START EXERCISE DATA

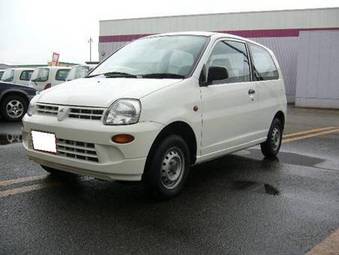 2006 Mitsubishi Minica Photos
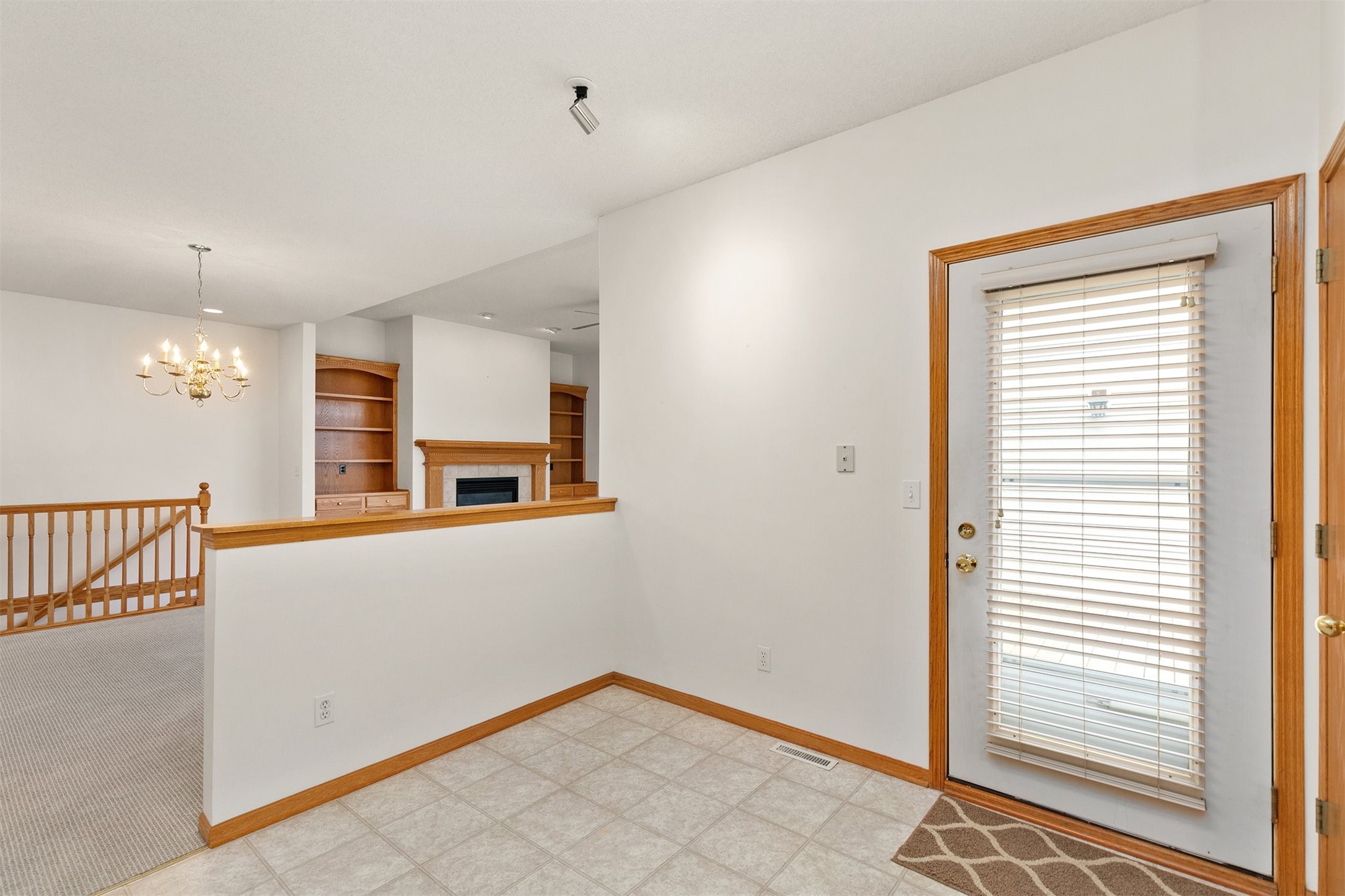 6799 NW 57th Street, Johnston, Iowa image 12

END EXERCISE DATA
START EXERCISE DATA

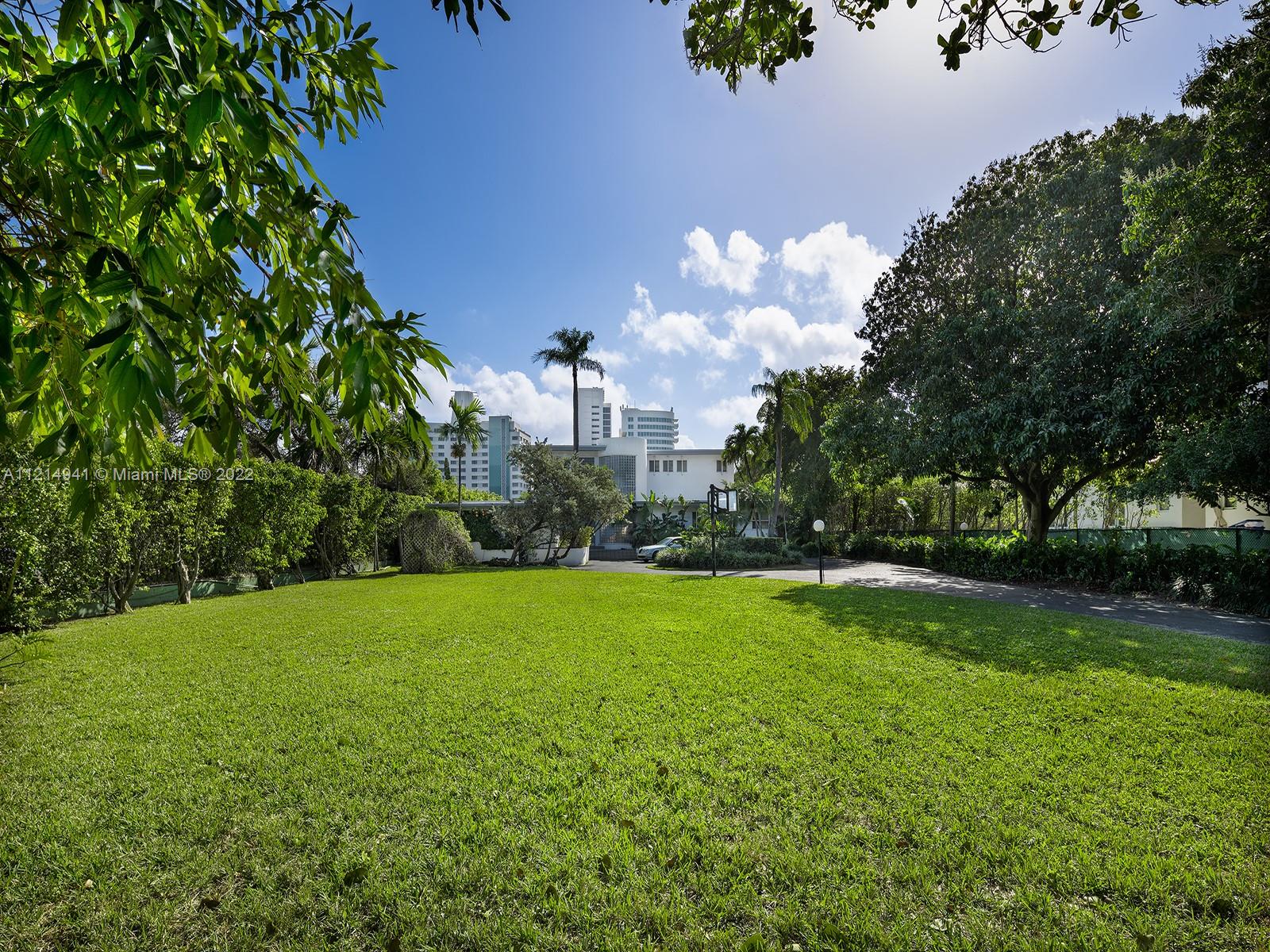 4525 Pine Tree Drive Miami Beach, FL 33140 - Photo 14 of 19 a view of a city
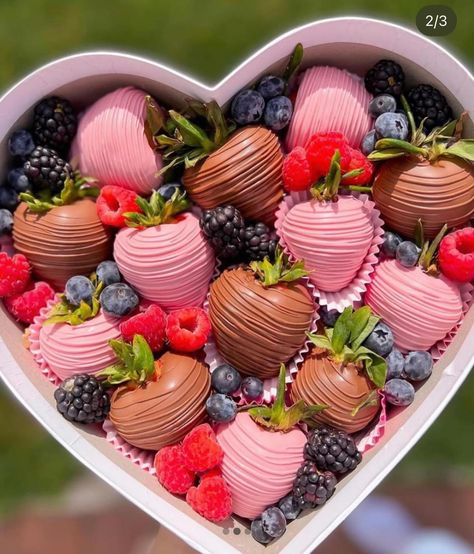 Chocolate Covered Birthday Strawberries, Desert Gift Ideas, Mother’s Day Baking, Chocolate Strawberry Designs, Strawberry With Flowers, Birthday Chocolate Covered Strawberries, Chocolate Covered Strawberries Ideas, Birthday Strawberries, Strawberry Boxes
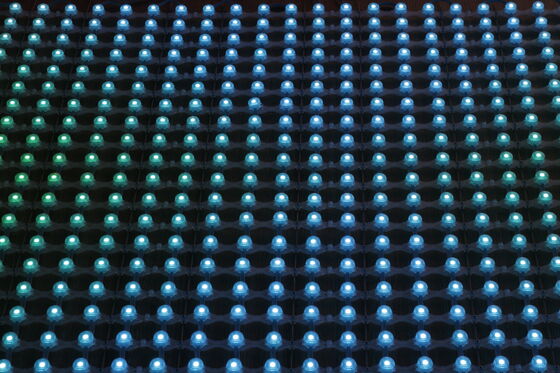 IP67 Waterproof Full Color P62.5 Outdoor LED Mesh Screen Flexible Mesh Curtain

END EXERCISE DATA
START EXERCISE DATA

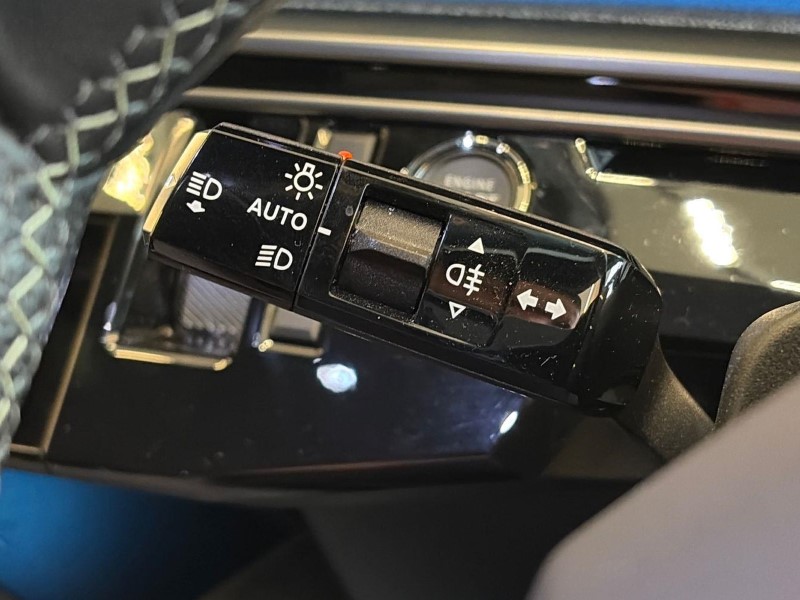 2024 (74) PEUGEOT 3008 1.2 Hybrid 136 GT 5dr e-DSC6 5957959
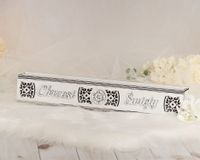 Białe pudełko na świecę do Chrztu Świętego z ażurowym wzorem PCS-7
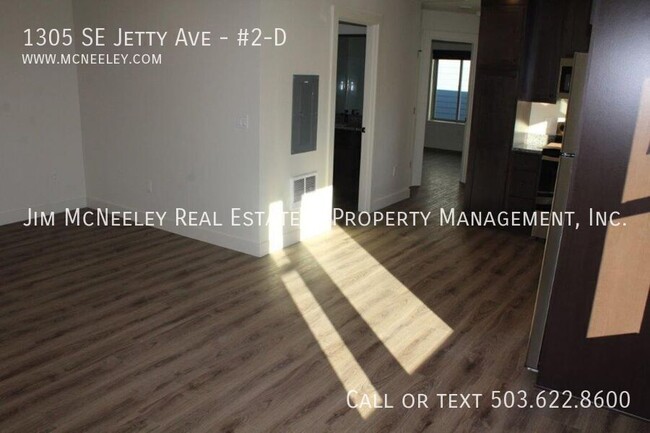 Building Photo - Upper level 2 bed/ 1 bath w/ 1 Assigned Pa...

END EXERCISE DATA

__DIRECTIONS FOR THIS TASK__:
Each line above that falls between the line with "2006 Mitsubishi Minica Photos" and the line with "6799 NW 57th Street, Johnston, Iowa image 12" should be printed exactly, together with those two lines, but the pictures should not.

__ANSWER FOR THE TASK__:
 2006 Mitsubishi Minica Photos
 6799 NW 57th Street, Johnston, Iowa image 12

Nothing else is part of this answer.